Sequelae of Congenital Cytomegalovirus Following Maternal Primary Infections Are Limited to Those Acquired in the First Trimester of Pregnancy.

Clin Infect Dis 2019 10;69(9):1526-1532

Equipe d'Accueil, Paris Descartes University, Sorbonne Paris CitéArchet, France.

Background: The known relationship between the gestational age at maternal primary infection an the outcome of congenital CMV is based on small, retrospective studies conducted between 1980 and 2011. They reported that 32% and 15% of cases had sequelae following a maternal primary infection in the first and second or the third trimester, respectively. We aimed to revisit this relationship prospectively between 2011 and 2017, using accurate virological tools.

Methods: We collected data on women with a primary infection and an infected child aged at least 1 year at the time of analysis. An accurate determination of the timing of the primary infection was based upon serial measurements of immunoglobulin (Ig) M and IgG and on IgG avidity in sera collected at each trimester. The case outcome was assessed according to a structured follow-up between birth and 48 months.

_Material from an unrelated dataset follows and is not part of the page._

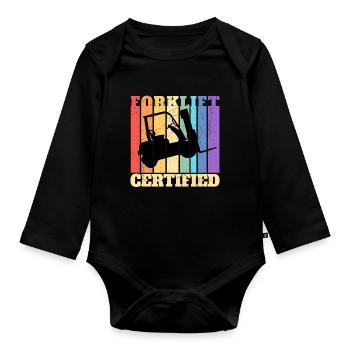 Forklift Certified Forklift Driver - Organic Longsleeve Baby Bodysuit - black - Front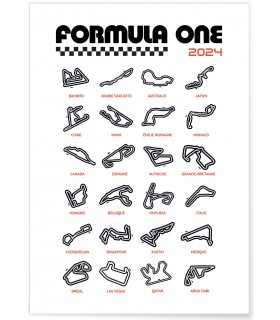 Affiche Circuits Formule 1 2024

Results: We included 255 women and their 260 fetuses/neonates. The dating of the maternal infection was prospective in 86% of cases and retrospective in 14%. At a median follow-up of 24 months, the proportion of sensorineural hearing loss and/or neurologic sequelae were 32.4% (95% confidence interval [CI] 23.72-42.09) after a maternal primary infection in the first trimester, 0 (95% CI 0-6.49) after an infection in the second trimester, and 0 (95% CI 0-11.95) after an infection in the third trimester (P < .0001).

Conclusions: These results suggest that a cytomegalovirus infection can be severe only when the virus hits the fetus in the embryonic or early fetal period. Recent guidelines recommend auditory follow-ups for at least 5 years for all infected children. This raises parental anxiety and generates significant costs. We suggest that auditory and specialized neurologic follow-ups may be recommended only in cases of a maternal infection in the first trimester.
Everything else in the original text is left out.